Directed Domain Fine-Tuning: Tailoring Separate Modalities for Specific Training Tasks

Daniel Wen,Nafisa Hussain
2024-06-24
Abstract:Large language models (LLMs) and large visual language models (LVLMs) have been at the forefront of the artificial intelligence field, particularly for tasks like text generation, video captioning, and question-answering. Typically, it is more applicable to train these models on broader knowledge bases or datasets to increase generalizability, learn relationships between topics, and recognize patterns. Instead, we propose to provide instructional datasets specific to the task of each modality within a distinct domain and then fine-tune the parameters of the model using LORA. With our approach, we can eliminate all noise irrelevant to the given task while also ensuring that the model generates with enhanced precision. For this work, we use Video-LLaVA to generate recipes given cooking videos without transcripts. Video-LLaVA's multimodal architecture allows us to provide cooking images to its image encoder, cooking videos to its video encoder, and general cooking questions to its text encoder. Thus, we aim to remove all noise unrelated to cooking while improving our model's capabilities to generate specific ingredient lists and detailed instructions. As a result, our approach to fine-tuning Video-LLaVA leads to gains over the baseline Video-LLaVA by 2% on the YouCook2 dataset. While this may seem like a marginal increase, our model trains on an image instruction dataset 2.5% the size of Video-LLaVA's and a video instruction dataset 23.76% of Video-LLaVA's.

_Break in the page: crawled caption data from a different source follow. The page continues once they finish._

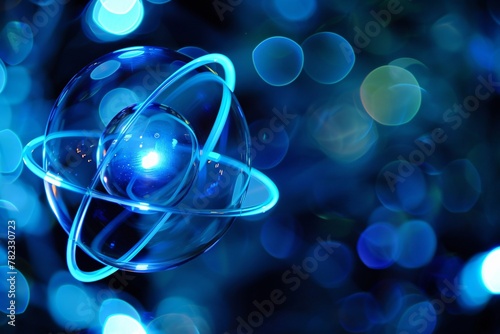 Illustration depicting an atom its electrons aglow with neon blue highlighting the quantum leap in tech exploration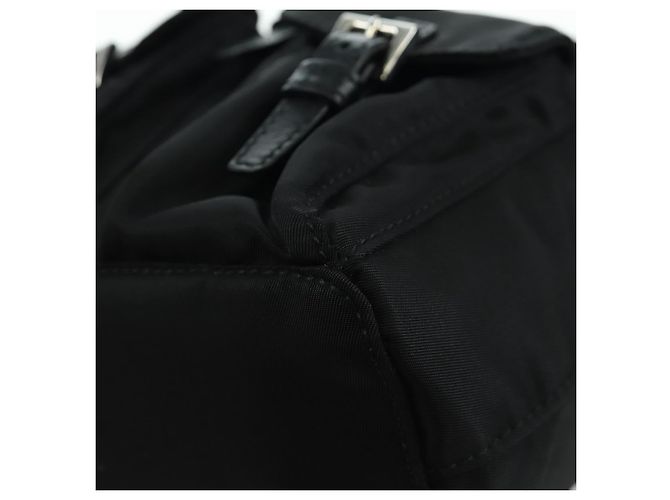 PRADA Borsa a Spalla con Catena Nylon Nero Argento Auth 171449M - vista 12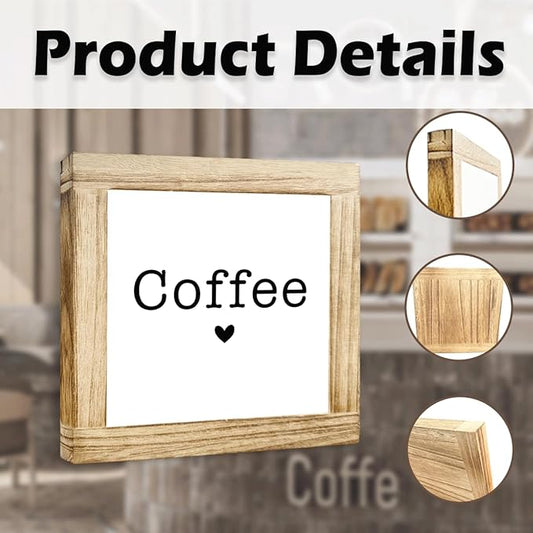 Coffee Bar Station Decor Sign Minimalist Coffees Plaque Handcrafted Wooden Wall Decor Rustic Cafe Style Sign For Home Kitchen Office Bar Wooden Cafe Decoration Ideal Coffee Lover Gift 5.9x5.9 Inch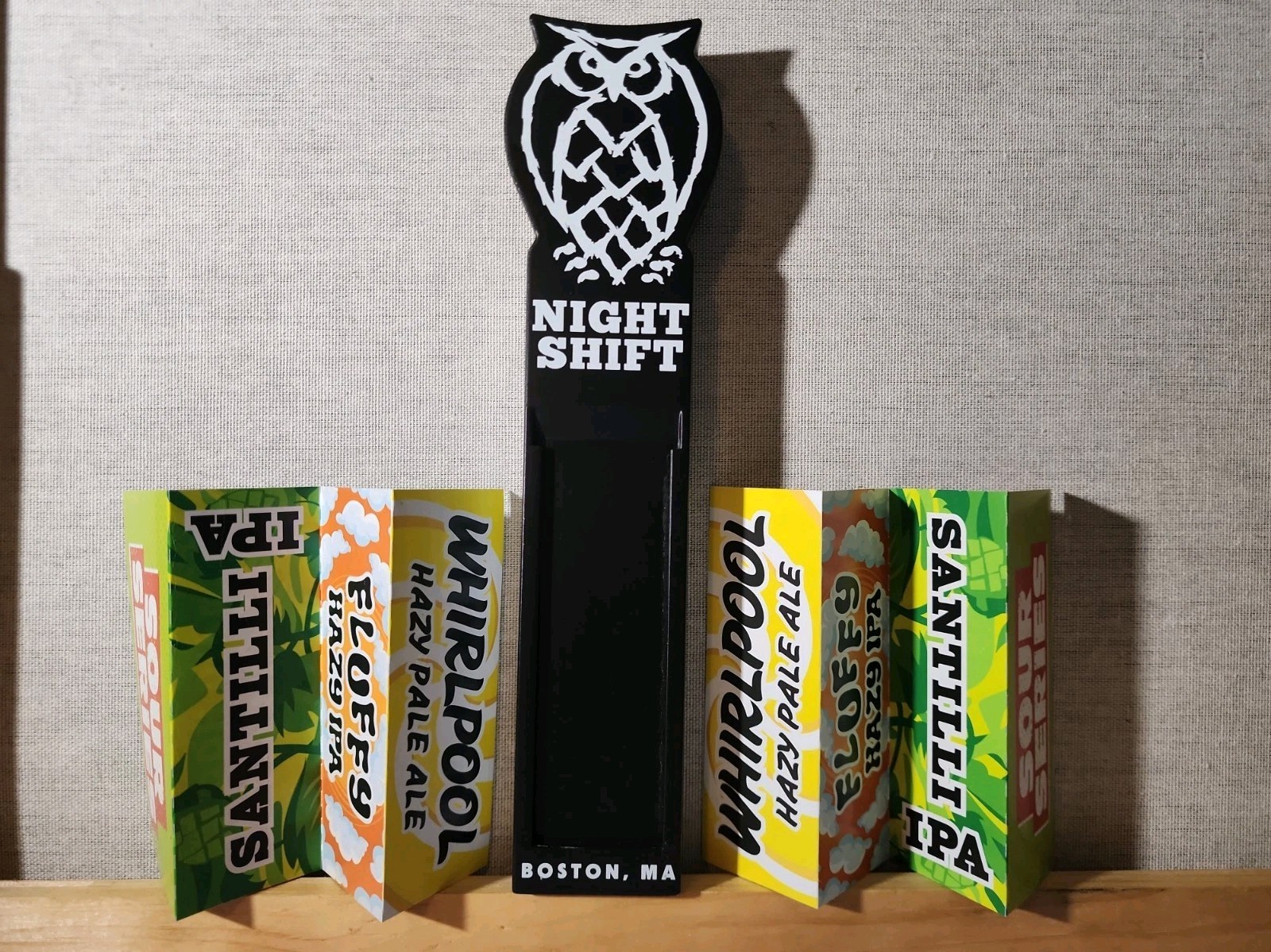 Night Shift Brewing Co. Tap Handle - BOSTON MA - 10 INCHES - Multi Label Inserts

Computer Vision and Pattern Recognition,Artificial Intelligence
What problem does this paper attempt to address?
The paper attempts to address the problem of generating precise step-by-step recipes from cooking videos. Specifically, the authors propose a novel approach to optimize Large Vision-Language Models (LVLM) through Directed Domain Fine-Tuning, enabling them to generate detailed ingredient lists and step-by-step instructions from cooking videos that do not contain subtitles or audio information. They utilized the Video-LLaVA model and conducted task-specific dataset training for three modalities: images, videos, and text, to enhance the model's performance in the cooking domain. Experimental results show that the fine-tuned model improved accuracy by 2% on the YouCook2 dataset compared to the base version of Video-LLaVA, despite using a much smaller amount of training data than the base model. This method aims to reduce irrelevant noise and improve the relevance and accuracy of the generated content.